In Nashville, a Walgreens employee opened fire in the parking lot on two women he suspected of shoplifting. Police say “he was in fear and didn’t know if they were armed.”
The full details of these cases are not yet known, but they highlight something at the heart of gun culture that receives little attention: fear. More specifically, the fear that pulses in the hearts of so many supposedly “law-abiding” gun owners.
I’m afraid of mass shootings. I’m afraid of getting caught in the crossfire of some stupid beef. I’m afraid of gun-wielding, right-wing extremists. But increasingly, I’m also afraid of the people who believe themselves to be “good guys” with guns, gripped with terror of the world around them and ready to kill.
That so many gun owners are consumed with fear is not an accident. It is a central part of the ideology propagated by conservative media outlets and gun advocacy groups such as the National Rifle Association.
The message is hammered home again and again: The world is full of homicidal maniacs coming to kill you and your family. In the words of NRA leader Wayne LaPierre, “every day of every year, innocent, good, defenseless people are beaten, bloodied, robbed, raped and murdered.” Criminals, gangs, home invaders, terrorists, antifa — they’re all coming for you. So if your doorbell rings, you’d better have a gun in your hand when you answer.

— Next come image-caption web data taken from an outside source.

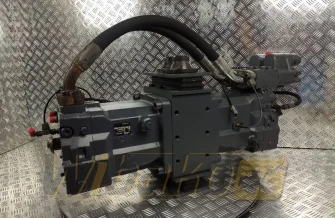 Silnik hydrauliczny Linde HMV210-02 H2X237U01179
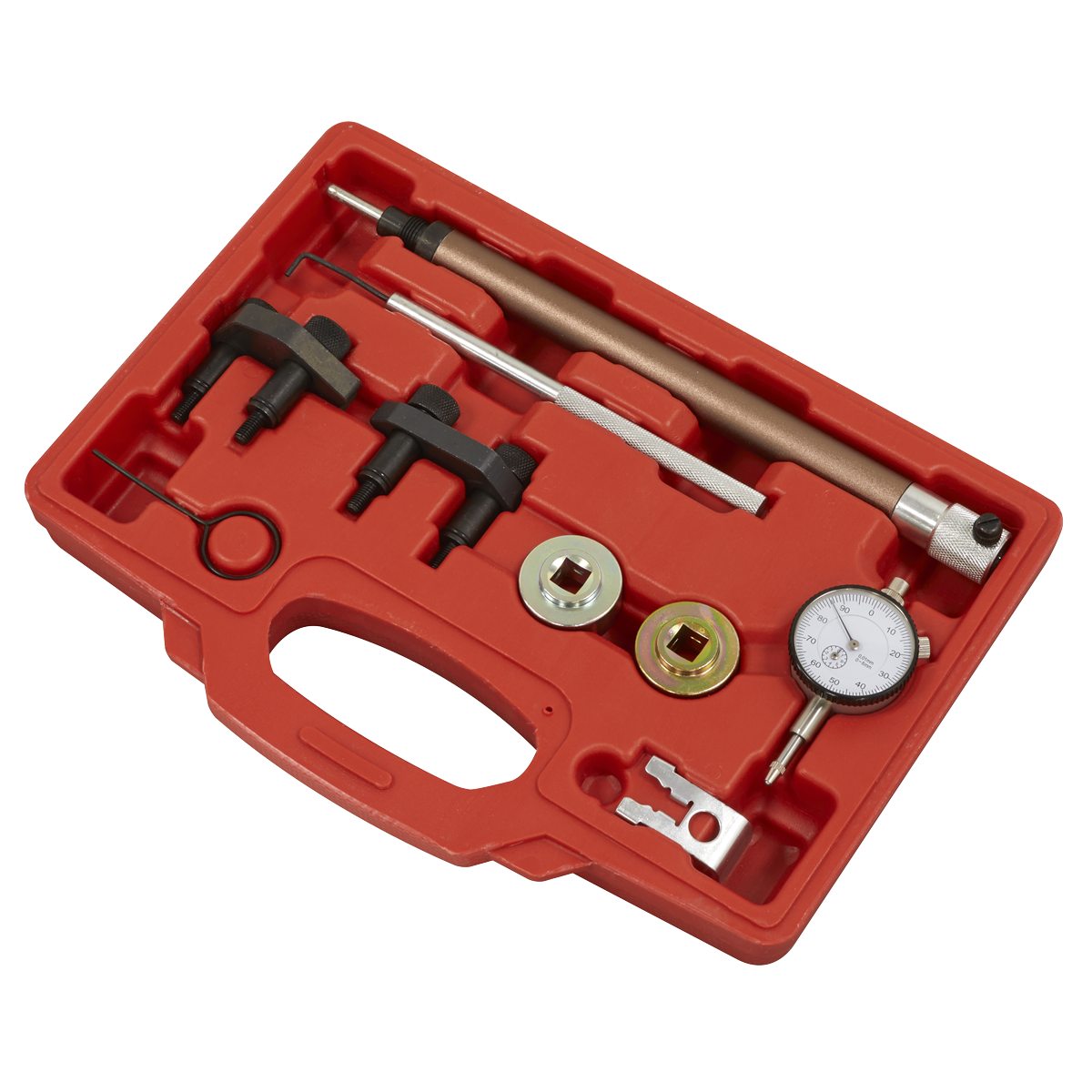 Sealey Petrol Engine Setting/Locking Kit Fits VAG 1.8 2.0 TSI TFSI Chain VSE4242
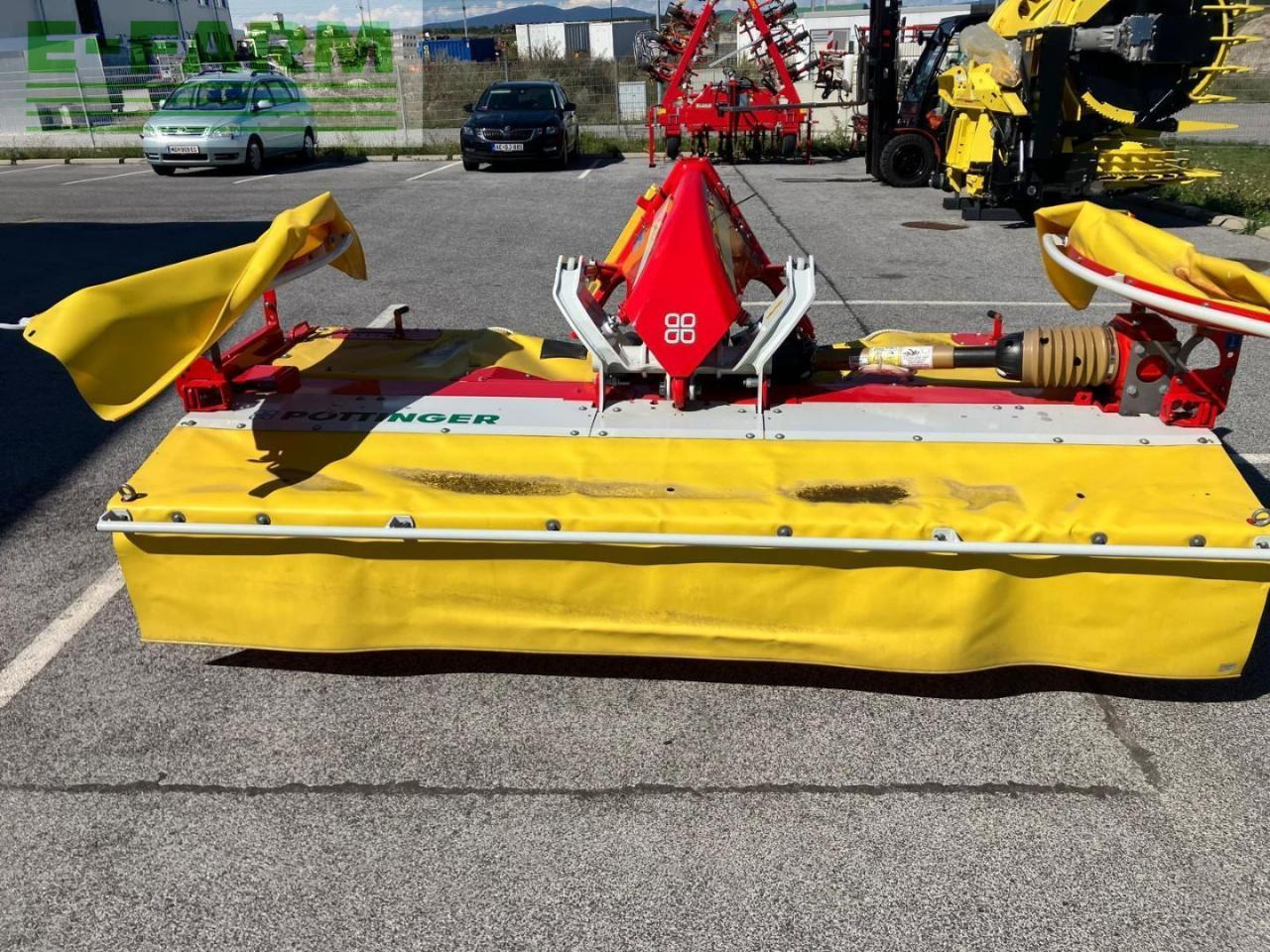 Pöttinger Novacat 301 classic - Faucheuse: photos 3 Pöttinger Novacat 301 classic - Faucheuse: photos 3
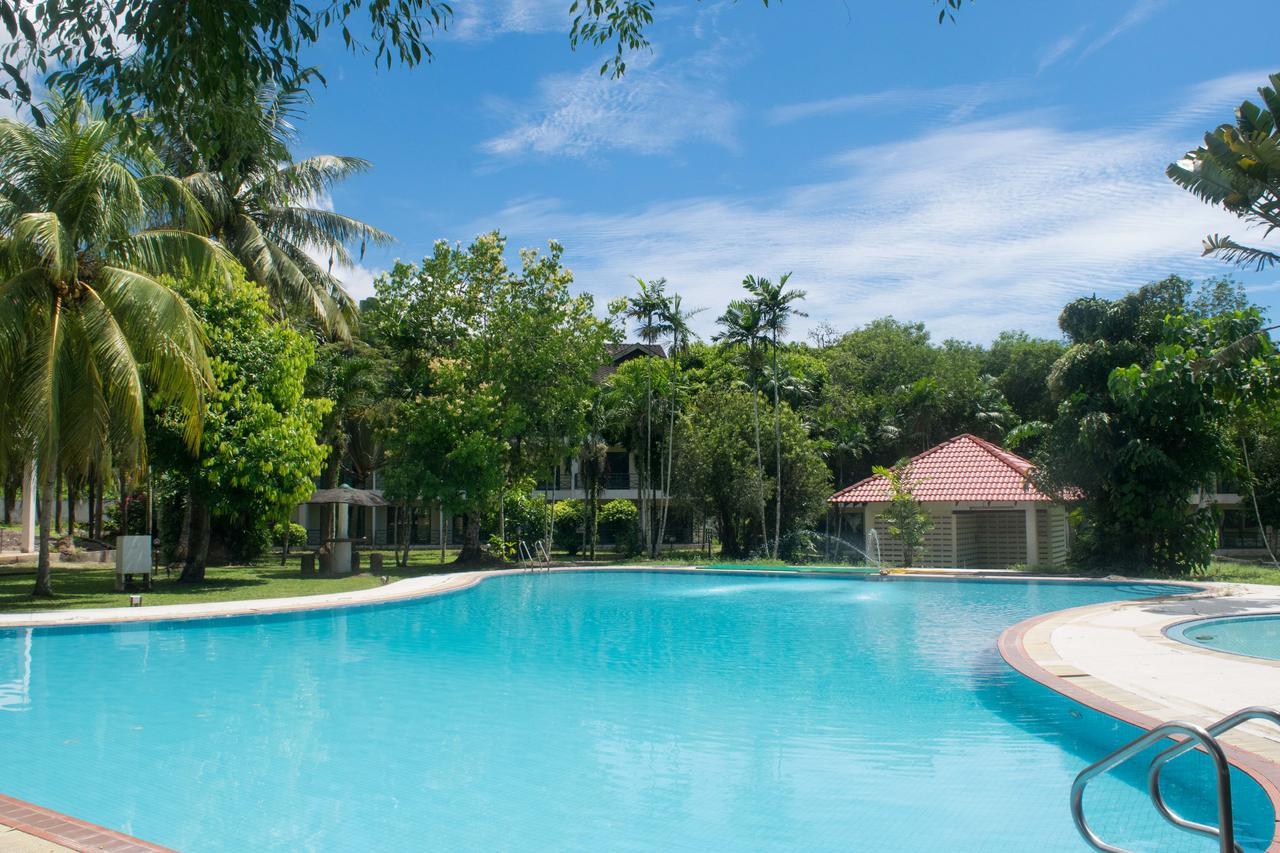 Panorama Country Langkawi Hotel Kuah Eksteriør billede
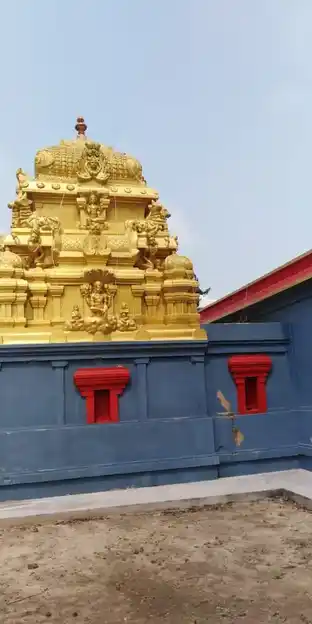 Arulmigu Neelakandeswarar Temple, Inside The Village, Ayalaur - 602001 அருள்மிகு நீலகண்டேஸ்வரர் திருக்கோயில், Inside The Village, Ayalaur - 602001, Tiruvallur - Ancient Temple Architecture and History Image 13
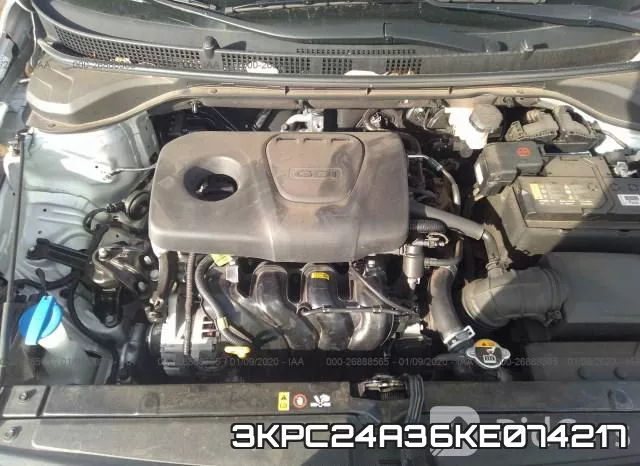 3KPC24A36KE074217 фото 2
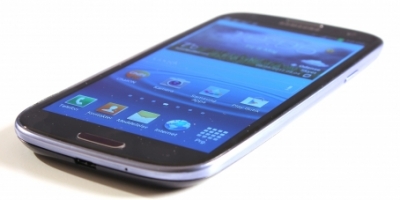 Unlock din Samsung Galaxy S III med app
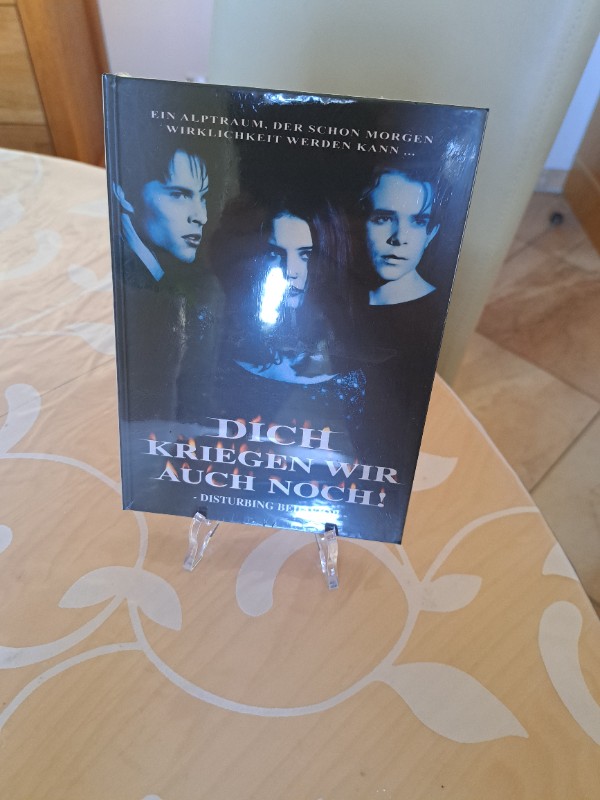 Dich kriegen wir auch noch Mediabook Ovp.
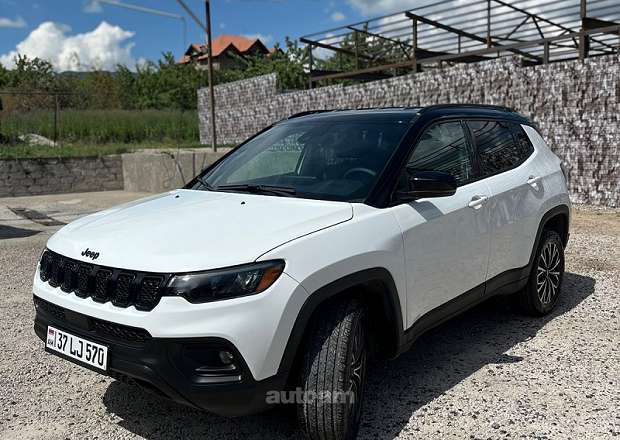 Jeep Compass 2023 — լուսանկար 4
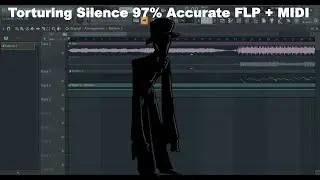 Friday Night Forbidden - Torturing Silence 97% Accurate Voices Recreation (FLP + MIDI)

The recent NRA convention in Indianapolis was touted by the group as “14 Acres of Guns & Gear!” But it might as well have been “14 Acres of Guns & Fear!” Former president Donald Trump told the crowd that liberals “want to take away your guns while throwing open the jailhouse doors and releasing bloodthirsty criminals into your communities.” One speaker after another echoed that idea.
This has become the core of the gun industry’s marketing efforts in recent years: to convince potential buyers that sooner or later (probably sooner), they will be the victims of violent crime. The only question is whether they’ll be able to kill their attackers before they’re killed first.
When the marketing isn’t talking about home invasions and street assaults, it focuses on what former gun industry insider Ryan Busse calls “fear-based tactical culture,” in which gun owners are encouraged to imagine themselves as paramilitary operatives facing down urban rioters. Gun owners are now significantly more likely to cite protection from crime as the reason they own guns than they were 20 years ago.
When you buy this product, you are initiated into an entire culture full of magazines, TV shows and political activism. And there are other things you can purchase, including clothes, accessories and, of course, more guns. That culture is saturated with stories of the heroic gun owner who fends off the monstrous threats of the outside world with deadly force.
That will inevitably lead you, as a gun owner, to fantasize about using your guns in just this way. You will be primed and prepared. You will become like police officers who are trained to be terrified of the public and say the magic words “I feared for my life” when they kill civilians. You will be ready.
This is all reinforced by the conservative media’s obsession with urban crime. Is that largely about race? Of course it is. When White people in rural and suburban areas are told endlessly that they need guns to fend off urban “gangs” and undocumented immigrants, race isn’t subtext; it’s right there for all to see.
The answer to all this fear, say those who create and sustain it, is to flood the country with more and more guns. In so doing, the industry and its supporters have brought about the terrifying world of their imaginings. Except in this world, “law-abiding” gun owners are often standing alongside the criminals and the mass shooters, murdering the innocent and creating a nightmare of fear and grief.
Their guns will not deliver us from that nightmare. They only keep us trapped in it.